Dave Purdy: Catullus 51 & 5

by Dave Purdy
(bedford, NY, USA)

Catullus’ poems are important landmarks in the history of poetry. His use of Greek rhythm in the Latin language is unique and innovative for a poet of his time. For example, in Catullus 51, he replicates Sappho’s structure and rhythm into Latin, something never before attempted by a Latin-speaking poet. His passion and painful emotions spill into his writing as well, adding a personal component to his poetry. Mainly, his poems written to Lesbia (Clodia) express such passions.

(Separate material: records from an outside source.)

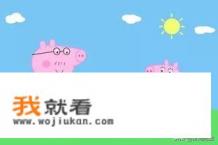 奇迹少女适合几岁以上观看？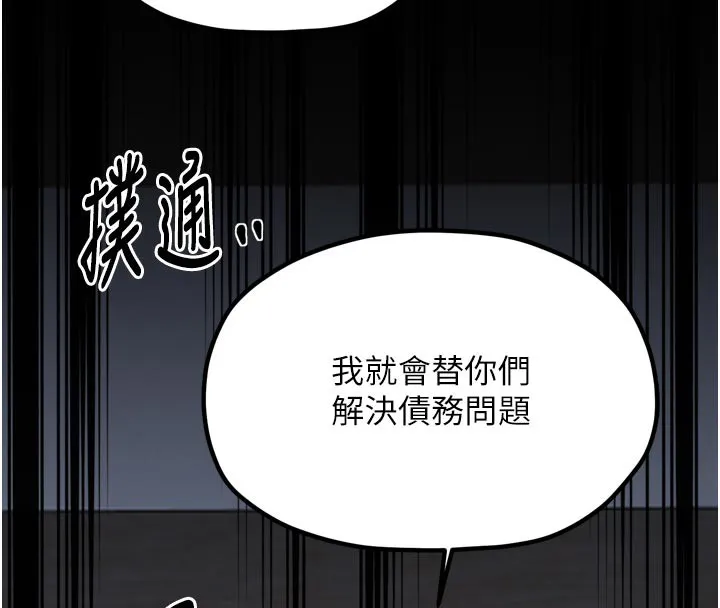 最强家丁-第52話-以身還債的母女 - 图片 145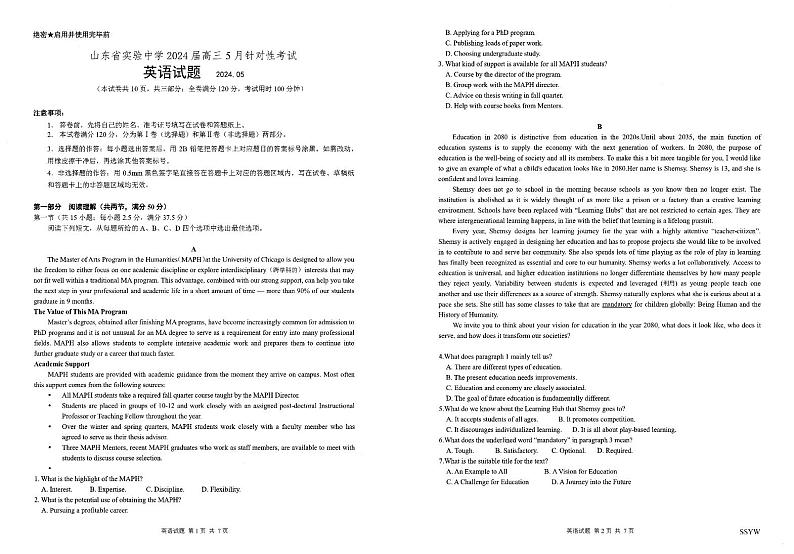 2024.5省实验针对性测试英语试题SSYW第1页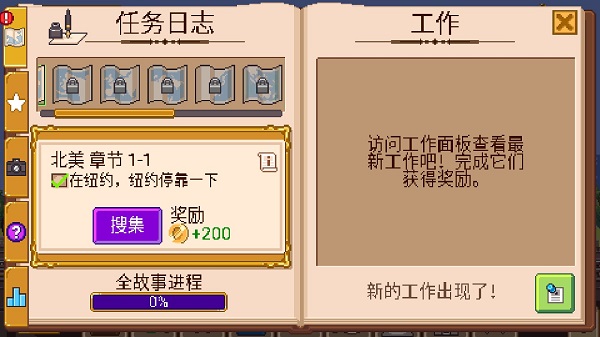小小铁路中文版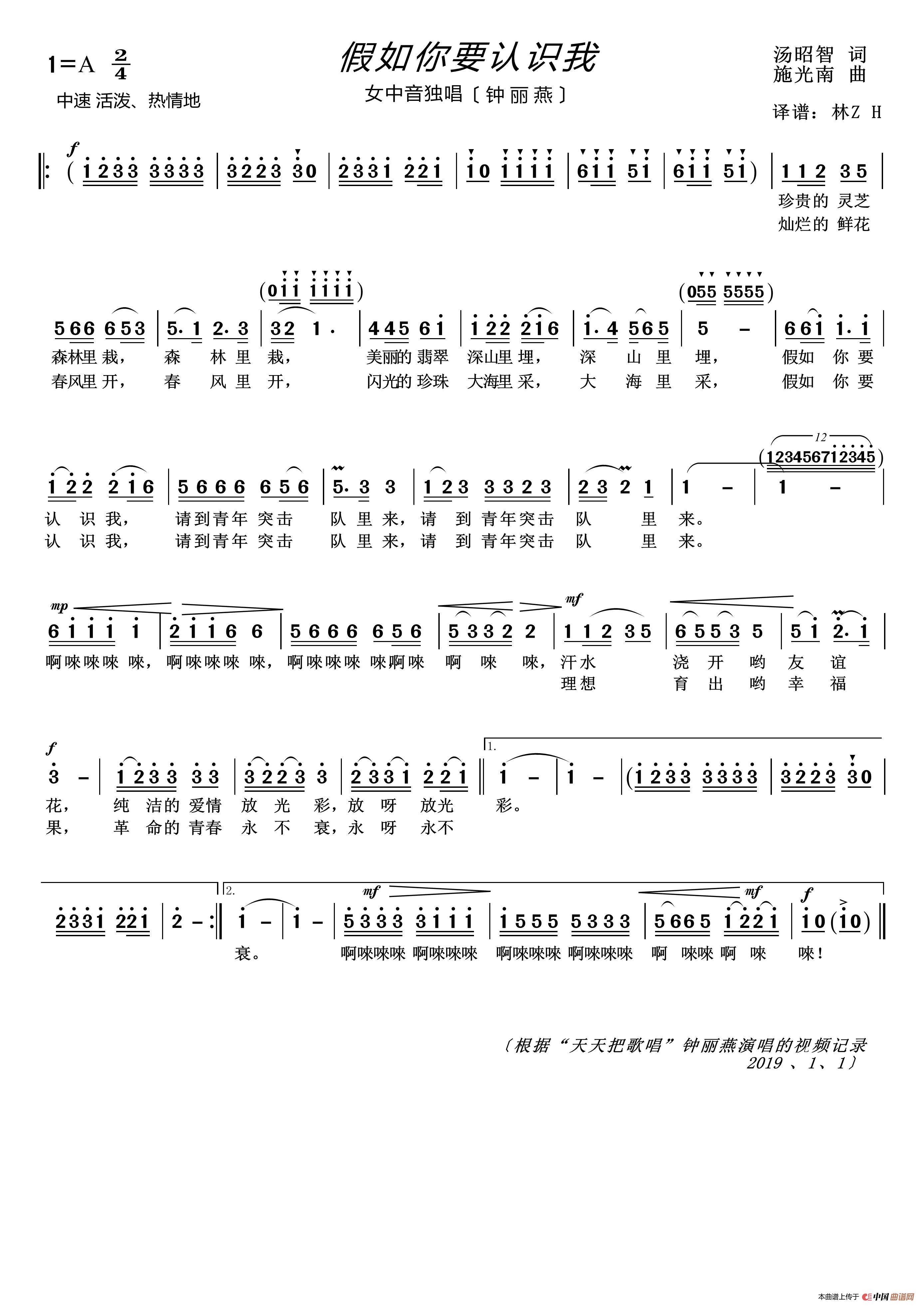 假如你要认识我（女中音独唱）简谱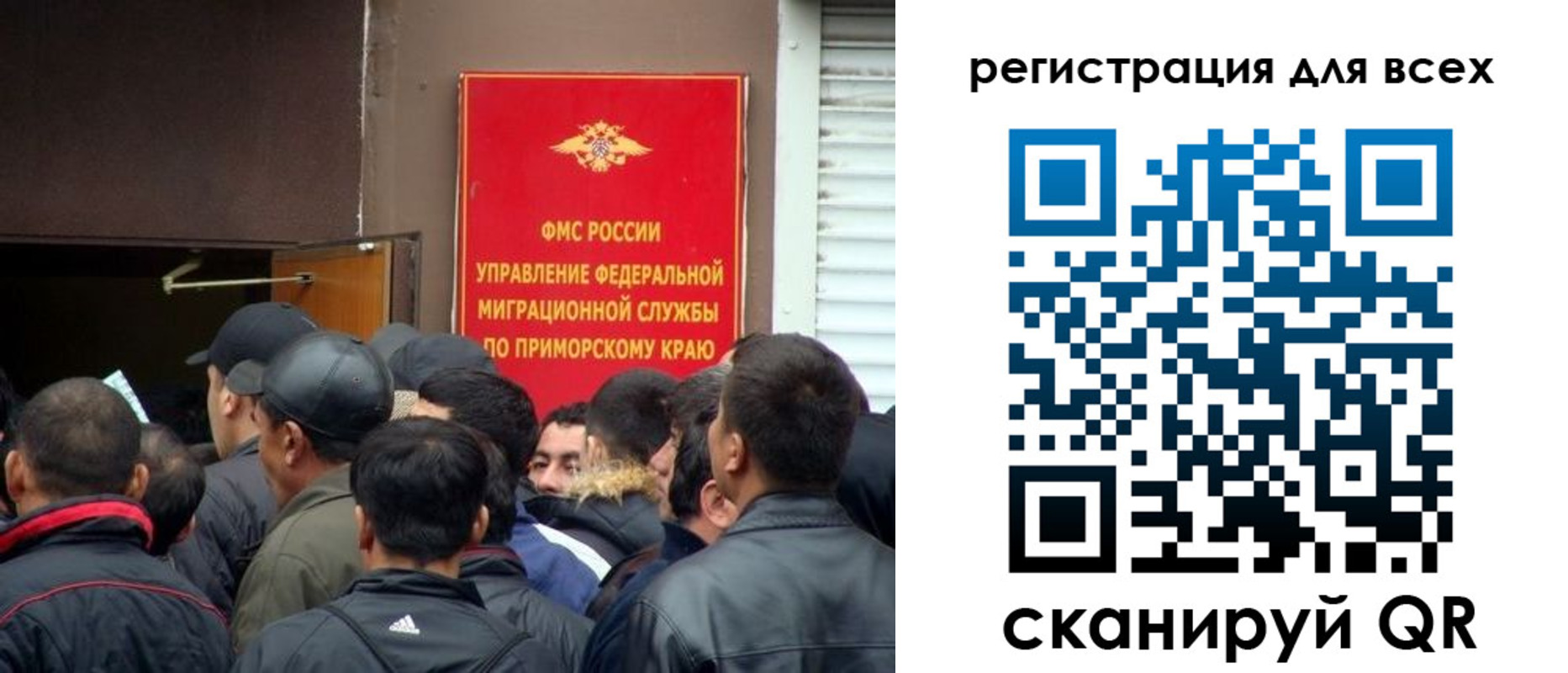 временная регистрация в Усть-Илимске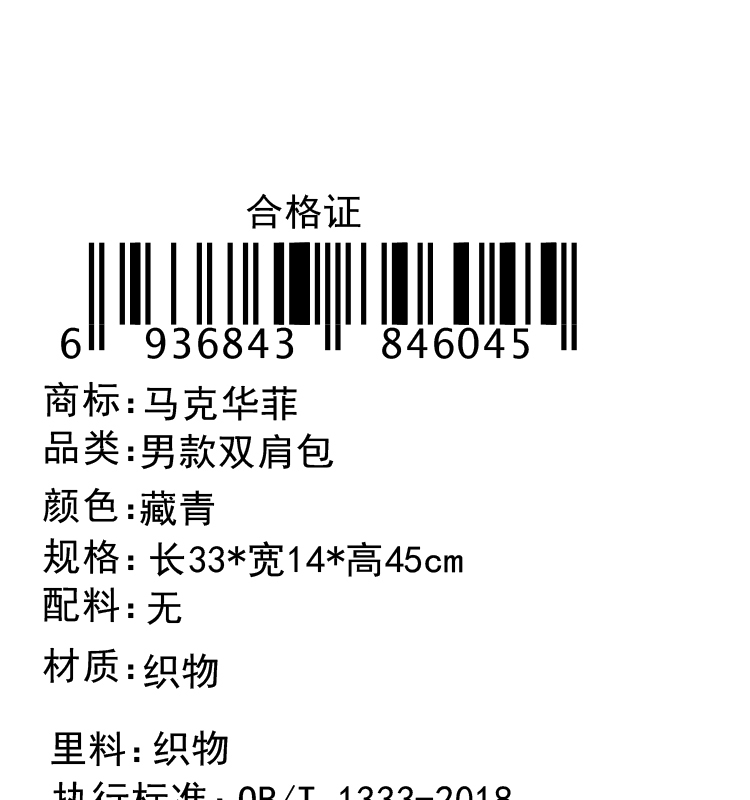 识货商品介绍图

In poem 51, Catullus is clearly apprehensive about speaking to Lesbia directly. Instead, he speaks to the man sitting beside her, expressing his envy and admiration for him; because a man worthy of Lesbia’s love must be worthy of respect. As he says in the beginning of the poem, “ille mī par esse deō vidētur, ille, sī fās est, superāre dīvōs.” In this segment, he speaks of how the man sitting next to her must be equal to a god, if not superior to one. For who else could be deserving of her love. He then goes on to talk about the small things about her, like her sweet laugh, which have the power to strip him of all senses. Things like this show how, at this point, Lesbia seems like an intangible goddess, far out of his league. This attitude soon changes, as shown in his later poems, as he becomes more comfortable around her; even comfortable enough to address her directly.
In poem 5, he makes the bold move of proposing an affair with Lesbia. He seems to lose all inhibitions, not caring what rumors the old men would hear about them. He seems very content and happy in this poem, finally at Lesbia’s level and able to express his feelings for her. This happiness, however, is short-lived, and ultimately brings only pain and suffering to Catullus. Because little did he know, Lesbia was in fact a promiscuous manipulator who (as told by historians) had little to no morality.